Mats Eilertsen – Rubicon
(ECM 477 4315. CD review by Henning Bolte)
Norwegian bassist and composer Mats Eilertsen has a special talent for uniting heterogeneous elements, eliciting deep and touching resonances from them, and letting them sound like a family of beautiful and complementary voices.
An impressive example was his recent Memorabilia, a new work commissioned by this year’s Jazz Festival in Trondheim – the town of Eilertsen’s birth – for his trio with Harmen Fraanje (p) and Thomas Strønen (dr) together with the vocals/violin of Trio Mediæval.
Rubicon was a 2014 commission for eight-piece ensemble from Vossa Jazz. In it, Eilertsen places trust in his fellow musicians and their instruments and voices, and makes them find their own place, role and colour as inevitable part of an emerging whole.

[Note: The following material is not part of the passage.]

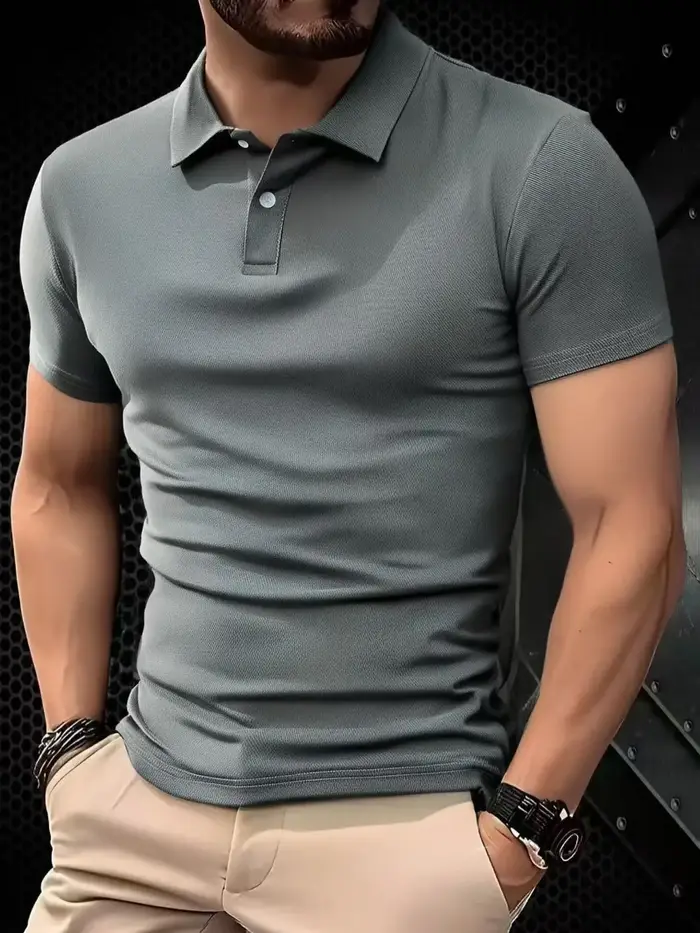 2025 Polo de couleur unie ultra-léger pour hommes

That is what makes the difference, as does his special talent for giving things an unusual twist with a lightly puzzling and at the same time amiable reshaping. The careful consideration given to the instrumentation of the album, notably the adding of marimba and vibraphone (Rob Waring) shows this well.
The opening piece Canto is a wonderful example of how music both emerges from the swirls of the air, and also arises from the deep ground. The way both spheres cross-fade and intertwine yields a special quality. The circling of Trygve Seim’s curved saxophone and Eirik Hegdal’s dry clarinet, and their eventual merging are provide a truly remarkable moment. When the sky is clearing, the bass enters the scene, plays melodic elements whilst the piano subtly takes a subdued role in which it is simultaneously loose and tight. It finally conjures a sense of timelessness and floating, expanding space. That’s just the introduction – with nine more pieces yet to come.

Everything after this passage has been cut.